Images empruntées à des collections privées.

Pendant ce temps, les vendeuses du marché, souvent de la même génération, arborent des robes satinées à manches ballons et autres pagnes négligemment noués. Quant au saluva des « Mahoraises » et « Mohéliennes », digne héritier de l’utsunga, il met en valeur leur poitrine plus qu’il ne la dissimule… Un même vêtement permet de se dérober aux regards ou au contraire de les attirer : ainsi le chiromani, qui, avant la révolution d’Ali Soilihi, ne laissait apparaître que les yeux des « Anjouanaises », a maintenant la faveur des jeunes filles.

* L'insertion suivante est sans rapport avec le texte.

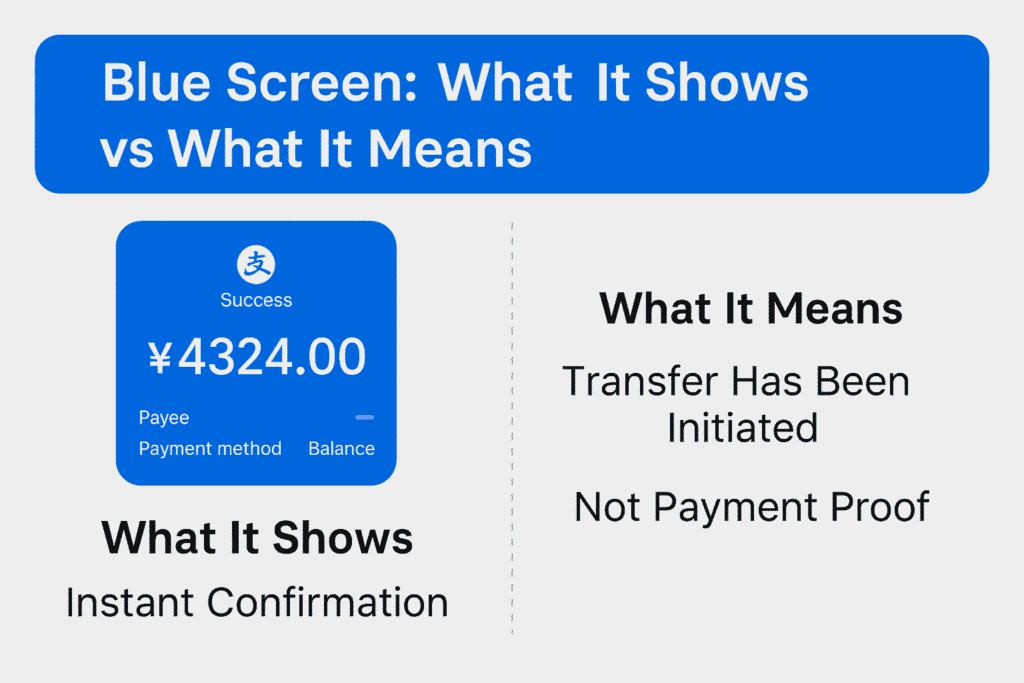 Why the Blue Screen Is Not Proof of Payment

La styliste Sitty Sagaf en a fait l’expérience : « J’ai essayé de lancer des capes en tissu shiromani, pour proposer quelque chose qui tienne en place. Mais on préfère laisser apparaître une épaule, avec juste une bretelle ! » Même nonchalance chez certaines adolescentes qui ne sortent plus sans leur tenue islamique, manteau sombre à capuche ou tunique et foulard, le tout enfilé sur un jean… et parfois, rare audace, sur un pantalon largement fendu. Symbole de ces clins d’oeil vestimentaires chers aux Comoriennes, le leso ou nyambawani, souvent orné d’une phrase shikomori écrite en caractères latins. « Le leso est un tissu du pays bantu, on l’a au Mozambique, au Swaziland, au Lesotho, en Tanzanie », indique Fatuma.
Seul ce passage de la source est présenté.